[Data records]
━━━━━━━━━━━━━━━━━━━━

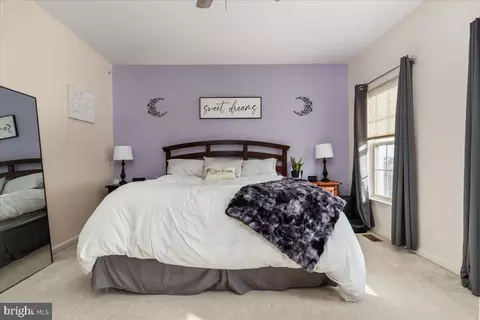 Bedroom - 7828 Cedar Branch Dr, Gainesville, VA 20155 photo 2 of 5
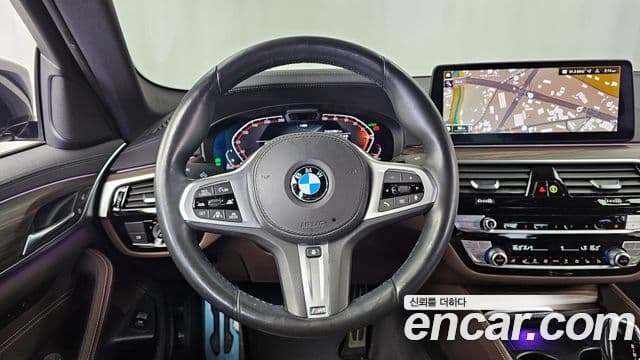 BMW 5 Series 2021 — фото 13 из 20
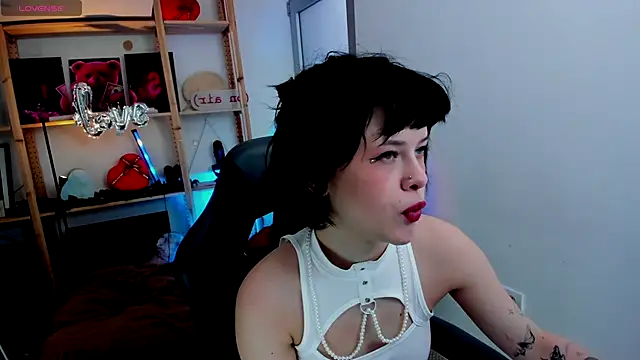 Snapshot of Sima_Wendy chatting on March 24, 2026, 7:19 am Sima Wendy online show from March 24, 2026, 7:19 am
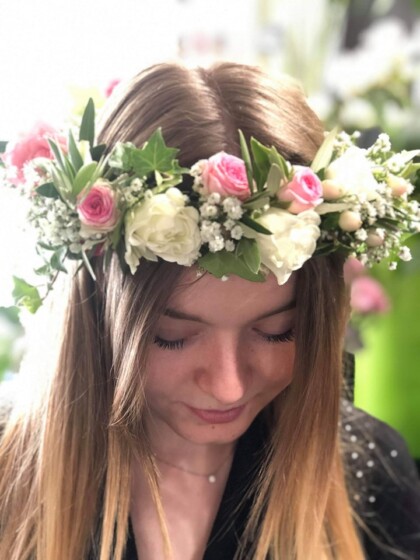 Couronne de fleurs fraiches aux couleurs pastel.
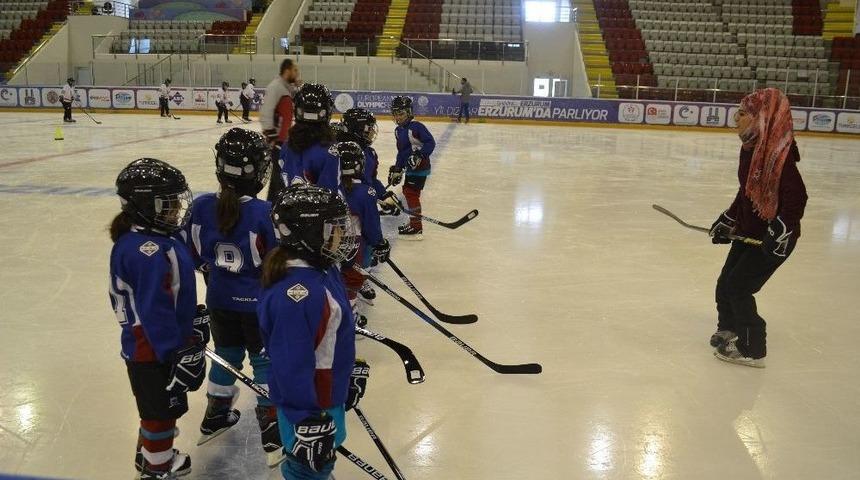"asp Minikler Buz Hokeyi Şampiyonası" Buz Hokey Kampı Başladı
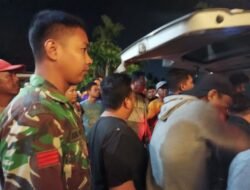 Tanggap Darurat Babinsa Koramil Telaga Biru Bantu Evakuasi Warga Desa Binaan Dengan Gerak Cepat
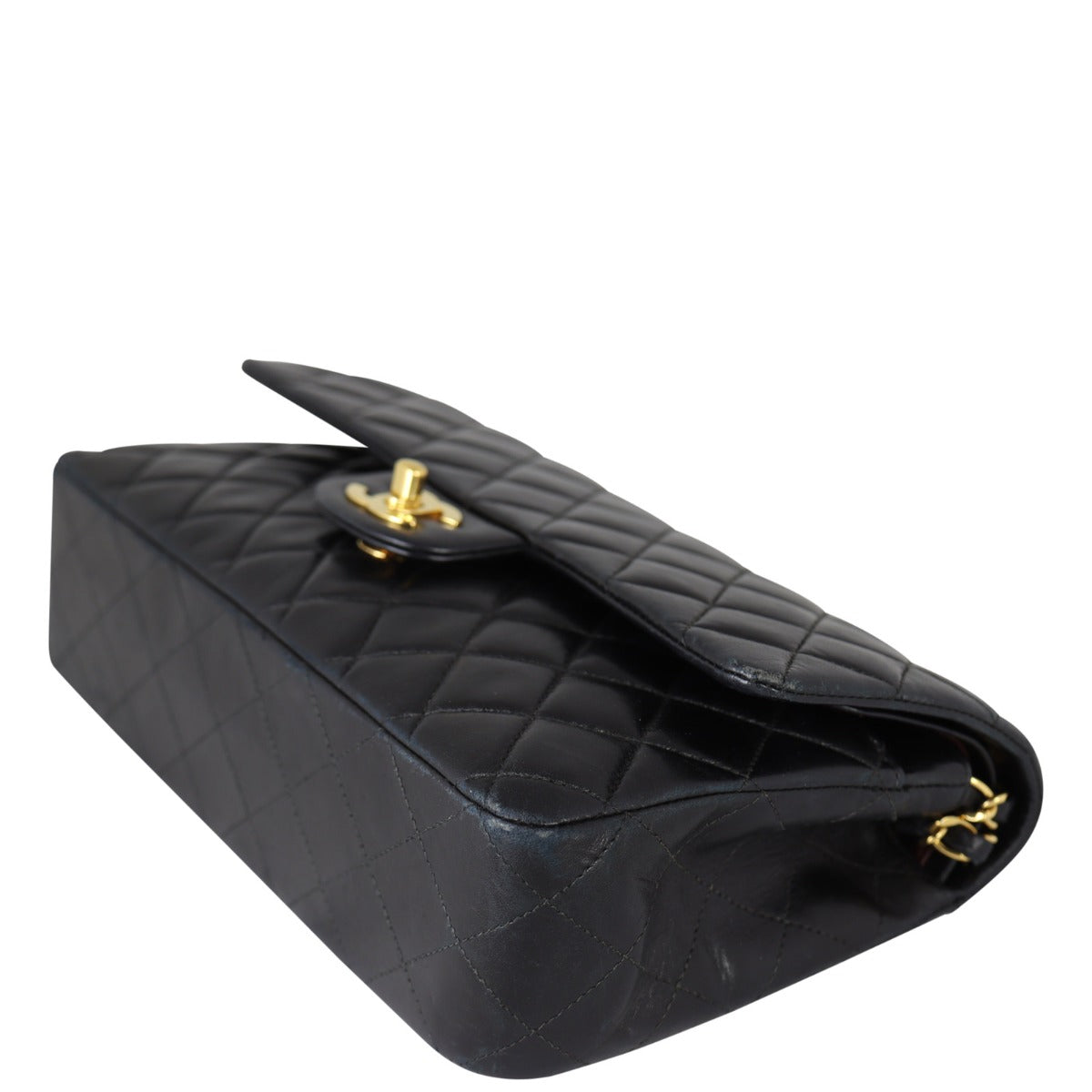 Chanel Classic Double Flap Medium Corner Distance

━━━━━━━━━━━━━━━━━━━━

[Assignment] Write out exactly the lines from the line holding "Tanggap Darurat Babinsa" through the last line of the records above, inclusive, and nothing more. Leave out the pictures.

[Output for this exercise]
 Tanggap Darurat Babinsa Koramil Telaga Biru Bantu Evakuasi Warga Desa Binaan Dengan Gerak Cepat
 Chanel Classic Double Flap Medium Corner Distance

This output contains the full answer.